Captioned web image data
• • • • •
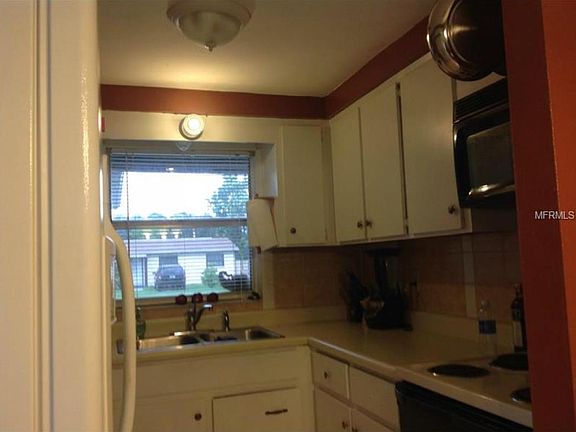 3rd image of 5810 91st Ave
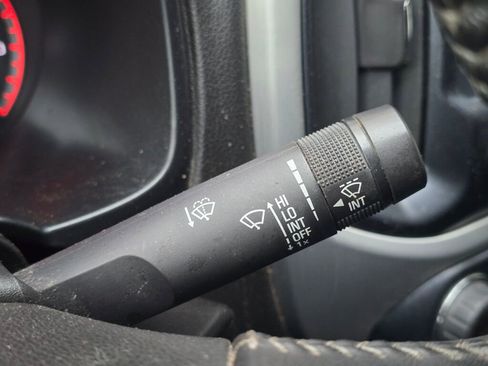 Used 2016 GMC Canyon SLT w/ Trailering Package image 30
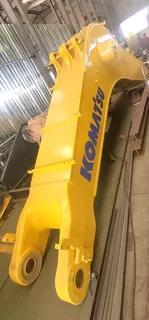 Komatsu PC850-8 Boom(price Reduce)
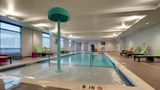 Home2 Suites by Hilton Conway Pool
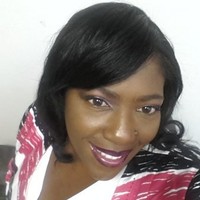 Iris Thomas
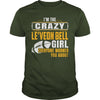Image of LE'VEON BELL Tshirt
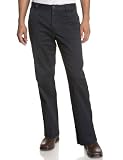 Claiborne by John Bartlett Men's Workhorse Chino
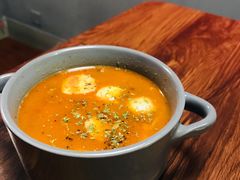 -维卡食舍(户部山店)
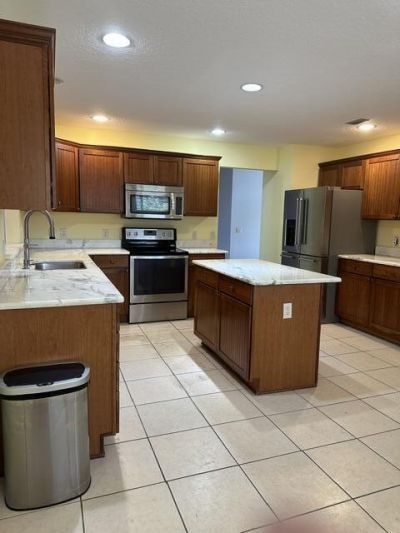 992 Ridgeland Path, The Villages, FL 32162 Photo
• • • • •
Skip the pictures and print each record exactly as it stands.

 3rd image of 5810 91st Ave
 Used 2016 GMC Canyon SLT w/ Trailering Package image 30
 Komatsu PC850-8 Boom(price Reduce)
 Home2 Suites by Hilton Conway Pool
 Iris Thomas
Image of LE'VEON BELL Tshirt
 Claiborne by John Bartlett Men's Workhorse Chino
 -维卡食舍(户部山店)
 992 Ridgeland Path, The Villages, FL 32162 Photo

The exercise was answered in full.